Wednesday, January 9, 2013

Everyone wants to be Hollywood

I went to the movies recently at the dumpy multiplex near my house, in good old Van Nuys, California, known to some (possibly inaccurately) as the porn capital of the world. The screens are pretty big and it's perfectly clean, but it's not hip, and it's on the other side of the tracks -- literally, as Amtrak runs through the area just south of the theater.

On this visit, I noticed for the first time above the ticket windows the following mural:


Is it appropriate to call this a mural? It's just a relatively crude rendering of the Hollywood sign. No caricatures of Jack Nicholson and Will Smith, just the Hollywood sign.

But trust me, this area is as far from Hollywood as it gets. As the crow flies, it may be only ten miles. But personality-wise, it's probably closer to Hollywood, Florida than Hollywood, California.

The lack of a really legitimate claim doesn't stop businesses in the greater Los Angeles area from trying to cash in on their general proximity to "Tinseltown." (I hate that word, but at this point I'm already looking for a synonym to "Hollywood.") When I used to live down on the West Side, there was a dry cleaner near me called Cinema Cleaners. I found that hilarious. It was just some hole-in-the-wall dry cleaners in Culver City, not a place where famous people take their clothes to be pressed, not a place where wardrobe departments cleanse their inventory prior to the next shoot. Someone at this mom and pop organization just thought naming their business Cinema Cleaners might bring in an extra 32 bucks a week. And maybe it does.

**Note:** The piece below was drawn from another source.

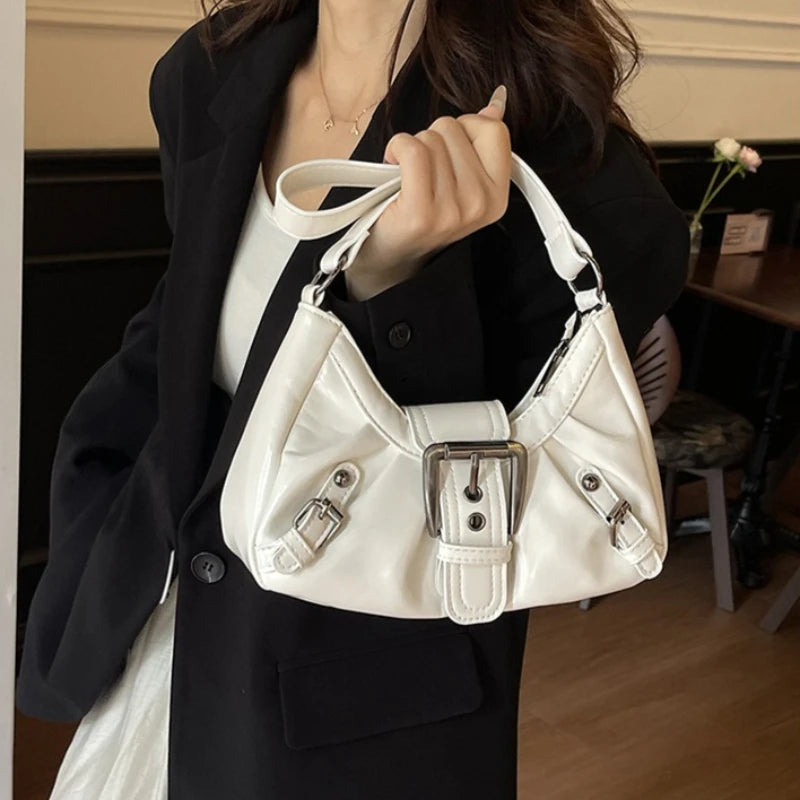 Women Leather Tote Bag Single Shoulder Handbag with Zipper Fashion Casual Purse for Ladies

But maybe I'm being too hard on this Regency Theater next to a Home Depot and across from a McDonald's. Because at least a movie theater has a legitimate reason to play up Hollywood. I mean, that's where the movies are made. They may not be trying to say "Here we are, in Hollywood!" They may just be trying to say "Here are some movies that Hollywood made!"

In fact, you'd be quite likely to see a Hollywood mural (for lack of a better term) in places that were decidedly not Hollywood, like the 18-screen multiplex in Cedar Rapids, Iowa, or the 22-screen behemoth in Brunswick, Georgia. (Note: Any similarity to actual movie theaters, either living or dead, is purely coincidental.) In those places, a Hollywood mural would represent the kind of gee-whiz, starstruck, anything-is-possible optimism that has put young wannabes on buses to Los Angeles for time immemorial.

But in Van Nuys? Most of these people have actually been to the real Hollywood. And they know this ain't it. This ain't even a close facsimile.

I don't know, just something I was thinking about.